It was really weird yesterday, to stop without doing any work at all, just thinking! And talking, because I talked about my plans (and fears) with my partner.
I was totally right about stopping when I still felt okay though. When I went outside for a walk, I noticed I was feeling some pride. I had started my project, instead of giving in to my longing to procrastinate about it one day longer. Just one day… You can guess what could have happened the next day: still not the right day to start, due to… (no matter what, there’s always something).
Instead, I faced my fears and started. And I started wisely!
You know what I normally do, which is one of the reasons I dread this project so much? I work until I’m totally beat. After that, I don’t feel satisfied, I feel frustrated. I don’t feel that I accomplished something, my brain is totally stuck on everything that’s not finished. It races like mad, it’s in total overdrive. I don’t know how to relax, and I feel stupid.

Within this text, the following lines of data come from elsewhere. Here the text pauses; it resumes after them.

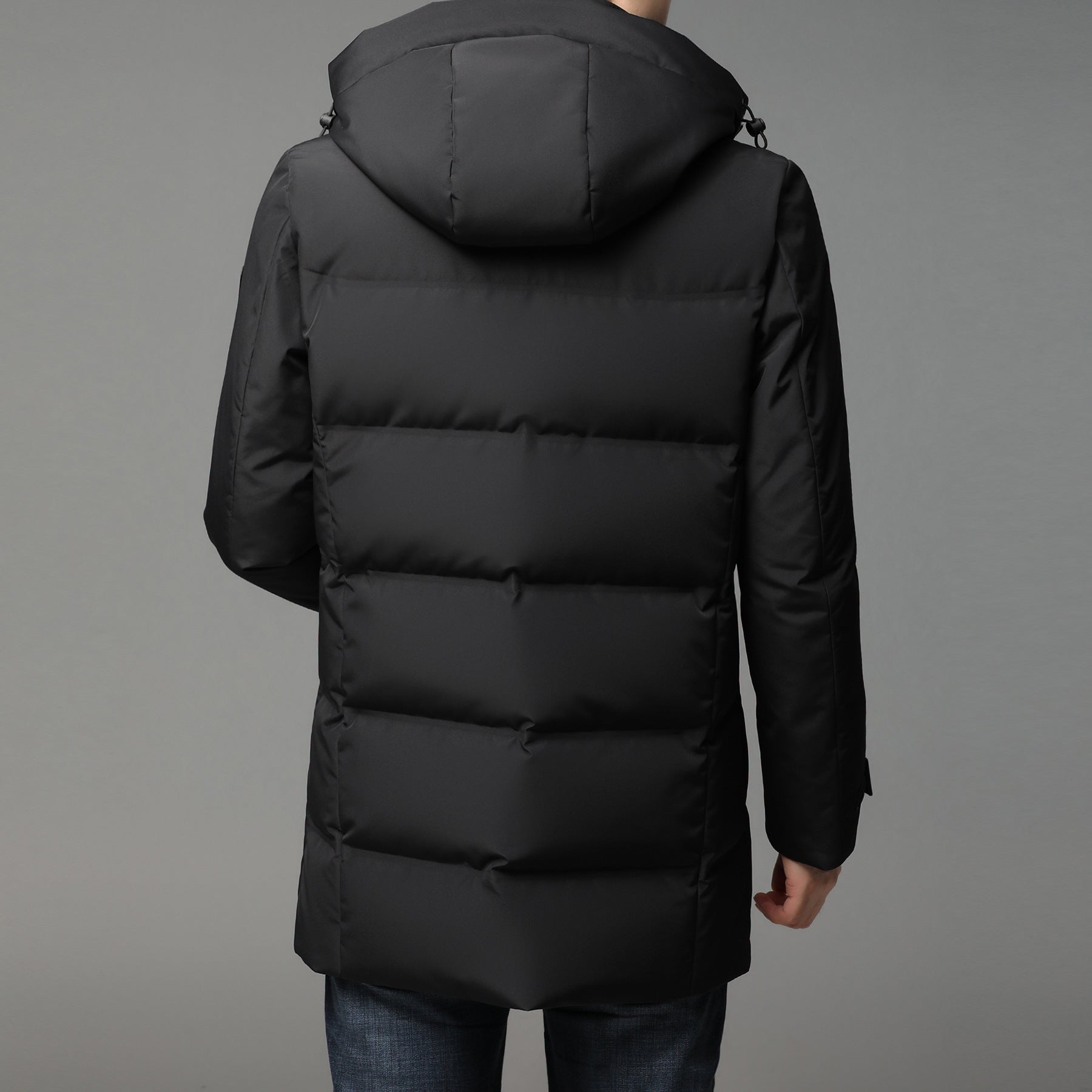 White Duck Down Hooded Warm Jacket Medium Length Down Jacket Best YouTube Store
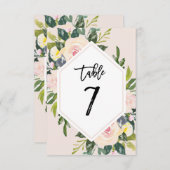 Handgeschriebene Tabelle 7 Zahlenkarte Einladung (Vorne/Hinten)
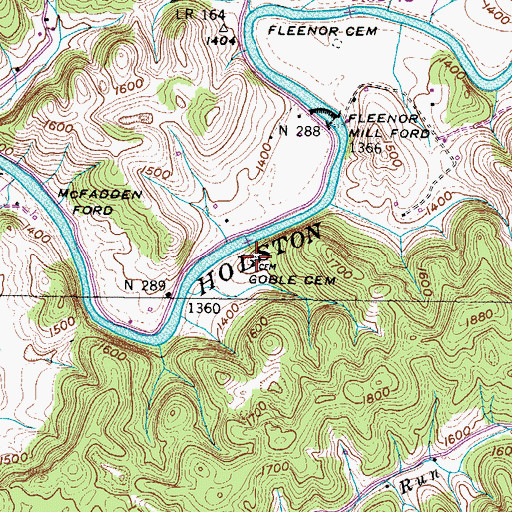 Topographic Map of Goble Cemetery, VA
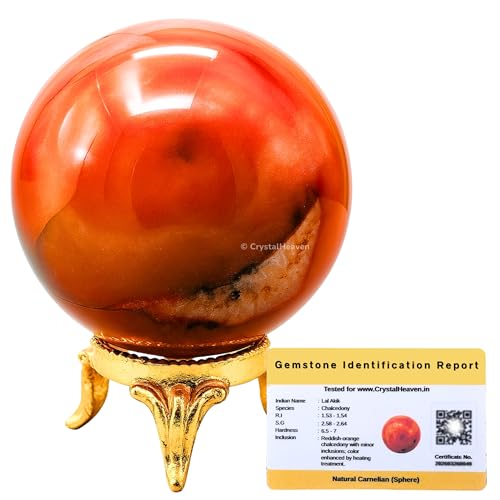 Image of Certified Carnelian Crystal Ball for Meditation - Premium Crystal Vastu Items for Home and Feng Shui Items for Good Luck - Ideal for Pooja Supplies and Spiritual Practices (2 inch Inch)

One of the triggers for procrastination is when one dreads the outcome of the task at hand. So it makes sense that if I expect to go slightly mad, I feel a lot of dread. Very uncomfortable dread.
I’ll use this blog to stay conscious of what I’m doing. And share what works, and what doesn’t work (for me, it can be completely different for you).
My first success: I started.
My second success: I stopped in time and was able to feel satisfaction.
My third success is that I got started with actual doing today. I’ll probably write about that tomorrow, it’s time to step away and relax now!
Lot’s of exclamation marks. I mean all of them 🙂 This is my second post for #NaBloPoMo, even if both were written on the same day. It’s now day 4, so I’m two post behind if I want to catch up.